Tax benefits depend on the individual circumstances of each investor and may be subject to change in the future.
by Matthew Moynes, Director at Calculus
06 March 2024
From the very start, the Chancellor appeared to be delivering his budget to a particularly raucous House of Commons. Heightened levels of jeering and frequent interruptions seemed to reflect the proximity of the upcoming general election and the influence this budget could have on moving the political dial. Hunt labelled the previous Autumn budget as a ‘budget for growth’. Unfortunately, the UK economy subsequently trickled into a technical recession at the end of 2023. With the added pressure of an impending election, Hunt was challenged with bridging the gap of what he wanted to do, and what fiscal headroom permitted him to do.

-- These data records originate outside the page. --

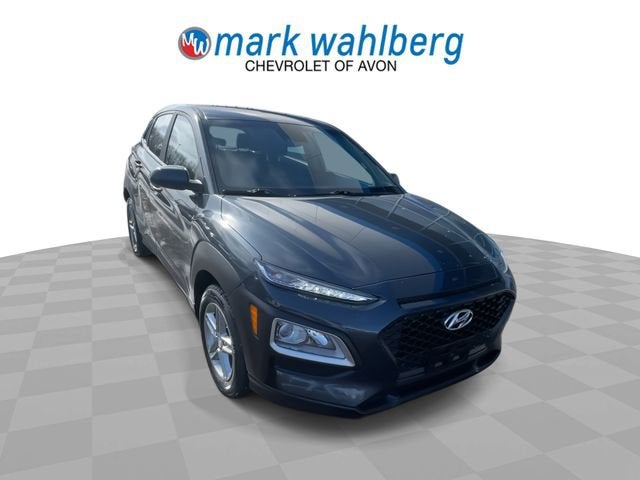 Used 2020 Hyundai Kona SE with VIN KM8K12AA0LU561607 for sale in Avon, OH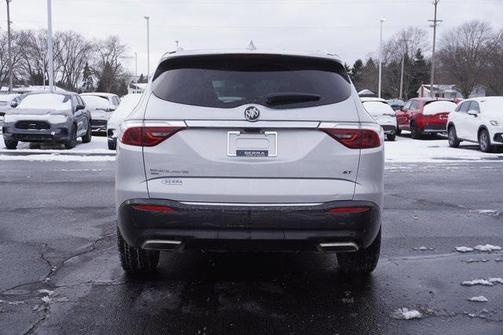 2022 Buick Enclave AWD Essence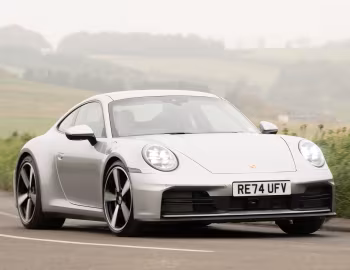 Porsche 911 Carrera [UK-spec] (992) '2024–pr.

The Chancellor has been consistent with his belief and message that those that can work should, and that a willing and impassioned workforce is the key to unlocking sustained economic growth. This Spring budget was another opportunity to introduce further measures which incentivise a return to work. The headline cuts to National Insurance were identical to those delivered in the previous Autumn Budget, meaning the NI rate will be reduced by a further 2p from 10% to 8%. Officials calculate this will be worth an average £450 a year to 27 million workers. Hunt will present this as a material and sizeable tax cut. However, this falls short of what large sways of the public want, and importantly, feel they need. A popular discussion topic triggered by the Autumn budget was fiscal drag, a term which explains increased personal income tax liabilities caused by inflation and subsequent increased earnings and static income tax thresholds. This is in mind; an income tax adjustment would have been the preferred method of tax relief. There is, however, speculation that the Chancellor has left this available for further fiscal manoeuvring ahead of the next election. Timing can often prove to be crucial with an election just around the corner.

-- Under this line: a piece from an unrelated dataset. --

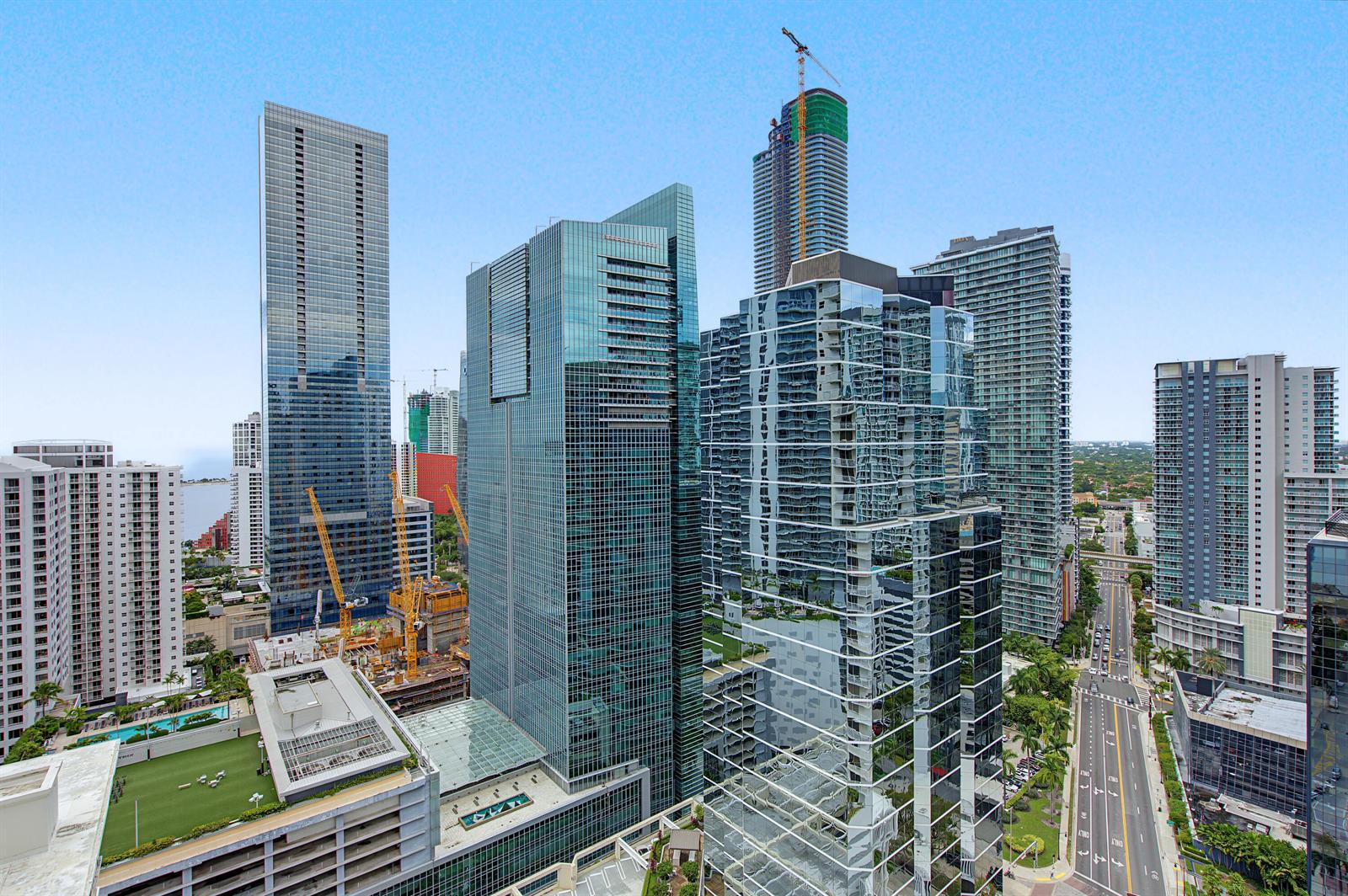 22-print-1200-brickell-bay-dr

The Chancellor believes the success achieved in tackling inflation will soon convert to economic growth. Placing particular focus on the strength of the UKs technology sector, Hunt echoed his words from his first budget as Chancellor, stating the UK is on track to become the ‘world’s next Silicon Valley’. Recognising the important role of venture capital in stimulating the growth of technology businesses across the UK, Hunt identified the importance of these companies not just starting here, but also staying here. The Mansion House Pension reform appears to be the Chancellor’s initial solution to bridging the gap between growth and scale up capital. A funding stage the US has historically outperformed the UK in achieving. The Chancellor continues to show his passion and understanding of the UK start-up economy and its role in rejuvenating the UK economy. A sentiment further reinforced by the introduction of the new British ISA, carrying all the same tax benefits as the existing ISA, and encouraging more people to invest in UK assets.

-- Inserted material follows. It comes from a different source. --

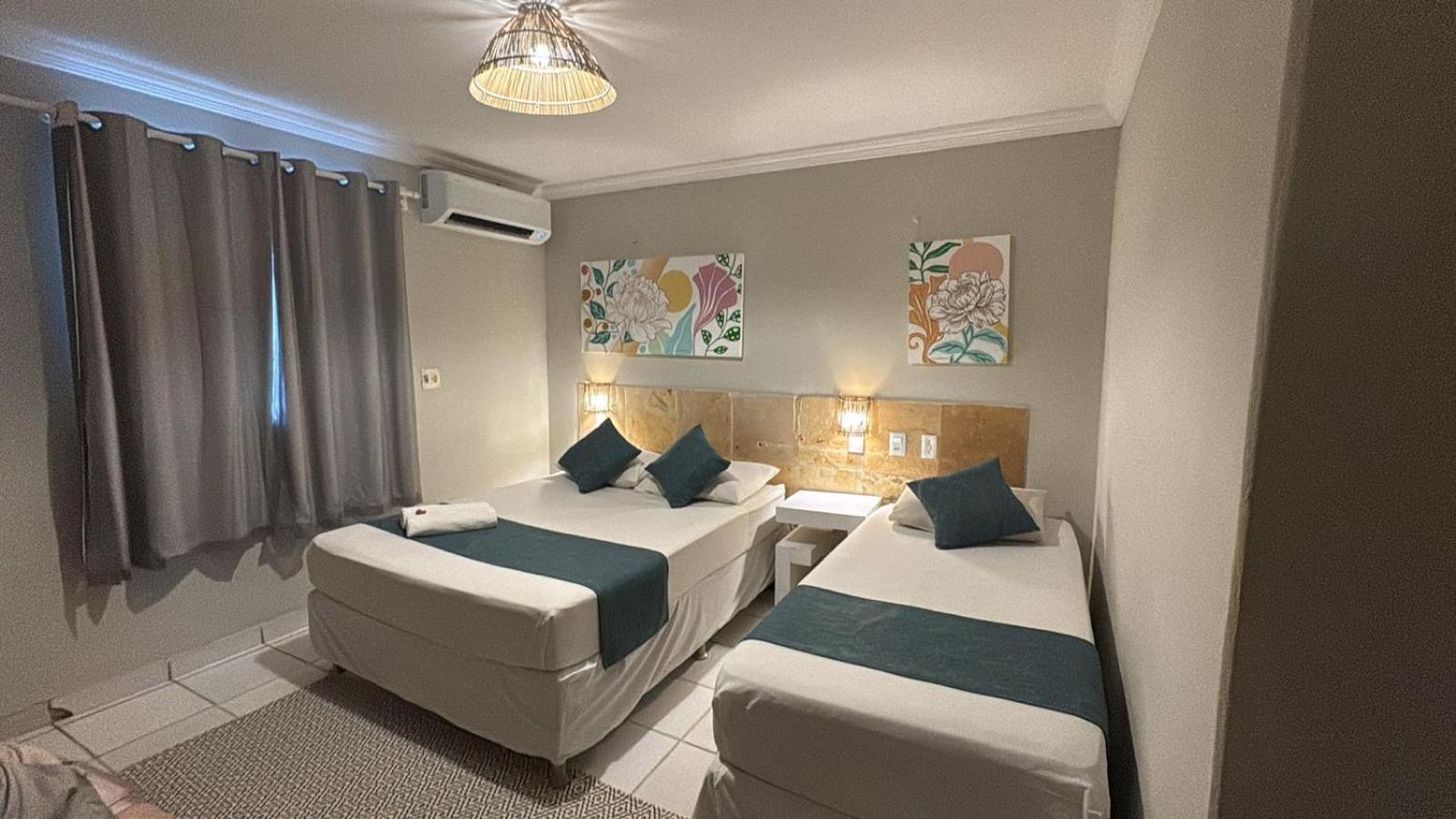 Triple Room with Pool View photo 2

The Chancellor also identified the importance of the creative industry and its role in delivering future economic growth. Hunt proudly stated that the UK has become Europe’s largest film and TV production centre, with studio space doubling in the last 3 years. At the current rate of expansion, the UK is on track to be second only to Hollywood in terms of studio space in the next year. This growth has been further encouraged by the Chancellor and the introduction of a 40% relief on growth business rates for all eligible studios in the UK. Such measures highlight the Chancellor’s conviction in the creative industry and the crucial role it will play in pathing the way to economic stability and growth.
The measures and commitments introduced by the Chancellor in this Spring budget to facilitate further growth across key sectors, including technology and entertainment, demonstrate a clear synergy between the government’s long-term plan for economic growth, and the investment strategy of the Calculus EIS & VCT. With a focus on the intellectual property rich sectors of technology and life science, and the rapidly growing creative industry, the Spring statement further endorses and validates our belief that Calculus investors are gaining access to the companies driving the UK’s ability to grow as global R&D powerhouse, as well as a creative and entertainment hub.